Coordinating recycling has a brief history as the job is known today. Only in the 1980s and early 1990s did many states begin setting recycling goals, creating the need for recycling coordinators at the local level. Prior to that time, private citizen groups or industry led most recycling efforts, so there was little need for municipal recycling coordinators. While much of today's recycling is driven by a desire to improve the environment, earlier recycling was often driven by economic forces. During the Great Depression, individual citizens or groups, such as the Boy Scouts, held newspaper drives and turned the newspaper over to a recycler. The recycler paid a minimal amount for the collection of the newspapers and then generally sold the newspaper to industry, which recycled or otherwise reused the newspaper. During World War II, shortages in raw materials to support the war prompted citizens to hold drives for aluminum, rubber, paper, and scrap metal; this time the spirit of recycling was patriotic as well as economic.
Other than times of shortage, governments had little concern for how people disposed of waste, simply because there was relatively little waste. Municipalities had been dumping, burning, burying, or otherwise disposing of residents' waste for years with little consequence. In 1898, New York City opened the first garbage-sorting plant in the United States, recycling some of its trash. The first aluminum recycling plants were built in the early 1900s in Chicago and Cleveland. By the 1920s, about 70 percent of U.S. cities had limited recycling programs, according to the League of Women Voters.
By 1960, the United States recycled about 7 percent of its municipal waste. In the mid-1960s, the federal government began to take greater interest in municipal waste-handling methods. Part of the Solid Waste Disposal Act of 1965 granted money for states to develop waste-handling programs. The Resource Conservation and Recovery Act of 1970 and 1976 amendments defined types of municipal solid waste (MSW) and spelled out minimum standards for waste handling.
State and federal governments, such as branches of the Environmental Protection Agency (EPA), were the earliest to hire people who specialized in recycling.
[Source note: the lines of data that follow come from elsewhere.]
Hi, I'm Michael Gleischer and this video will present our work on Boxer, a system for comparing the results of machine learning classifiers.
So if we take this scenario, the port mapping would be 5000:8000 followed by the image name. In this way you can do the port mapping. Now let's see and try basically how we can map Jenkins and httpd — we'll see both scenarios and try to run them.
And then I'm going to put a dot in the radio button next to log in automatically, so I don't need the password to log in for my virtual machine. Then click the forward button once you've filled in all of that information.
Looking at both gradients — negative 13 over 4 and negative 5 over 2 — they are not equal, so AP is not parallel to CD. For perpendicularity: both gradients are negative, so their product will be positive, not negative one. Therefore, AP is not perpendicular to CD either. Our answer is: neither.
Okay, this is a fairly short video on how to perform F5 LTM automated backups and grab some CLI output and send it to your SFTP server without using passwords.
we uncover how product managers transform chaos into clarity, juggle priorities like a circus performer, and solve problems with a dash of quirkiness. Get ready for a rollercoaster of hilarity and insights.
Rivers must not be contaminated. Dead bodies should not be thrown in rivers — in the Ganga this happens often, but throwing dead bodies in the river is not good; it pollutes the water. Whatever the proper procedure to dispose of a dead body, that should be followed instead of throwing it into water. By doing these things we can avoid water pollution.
These recycling experts usually acted in an advisory capacity to local governments that were trying to develop their own programs.
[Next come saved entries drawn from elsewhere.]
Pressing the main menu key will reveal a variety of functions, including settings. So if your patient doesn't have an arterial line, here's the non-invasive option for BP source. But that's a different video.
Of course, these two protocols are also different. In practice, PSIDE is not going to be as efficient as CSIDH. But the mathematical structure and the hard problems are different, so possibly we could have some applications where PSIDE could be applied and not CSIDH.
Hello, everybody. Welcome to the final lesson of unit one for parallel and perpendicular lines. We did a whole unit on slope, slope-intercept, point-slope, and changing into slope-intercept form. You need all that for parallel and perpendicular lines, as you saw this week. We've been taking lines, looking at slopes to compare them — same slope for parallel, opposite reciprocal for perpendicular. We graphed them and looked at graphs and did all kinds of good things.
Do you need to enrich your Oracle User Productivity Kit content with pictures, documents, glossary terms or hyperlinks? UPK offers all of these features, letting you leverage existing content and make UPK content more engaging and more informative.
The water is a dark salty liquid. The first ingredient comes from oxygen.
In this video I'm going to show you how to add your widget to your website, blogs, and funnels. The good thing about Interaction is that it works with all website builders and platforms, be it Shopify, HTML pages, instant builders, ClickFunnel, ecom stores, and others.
In the 1990s, more states began to set recycling goals, driving the increase in need for recycling coordinators. By 1998, all but six states had set formal recycling goals. These goals are generally stated in terms of the percentage of waste to be diverted from ending up in a landfill. Most states set goals between 20 and 50 percent. To encourage counties to make the effort at a local level, many state governments offered grants to counties to fund new recycling programs, and many counties found they needed a full-time person to coordinate the new effort. Initially, only the most populous counties qualified for the grants to afford a recycling program because they could divert the highest volume from landfills. In a November 2019 report, the EPA indicated that Americans generated about 268 million tons of waste in 2017, of which nearly 35 percent was recycled and composted. In other words, on average, each person in the United States recycled and composted about 1.58 pounds of the nearly 4.51 pounds of waste they generated every day.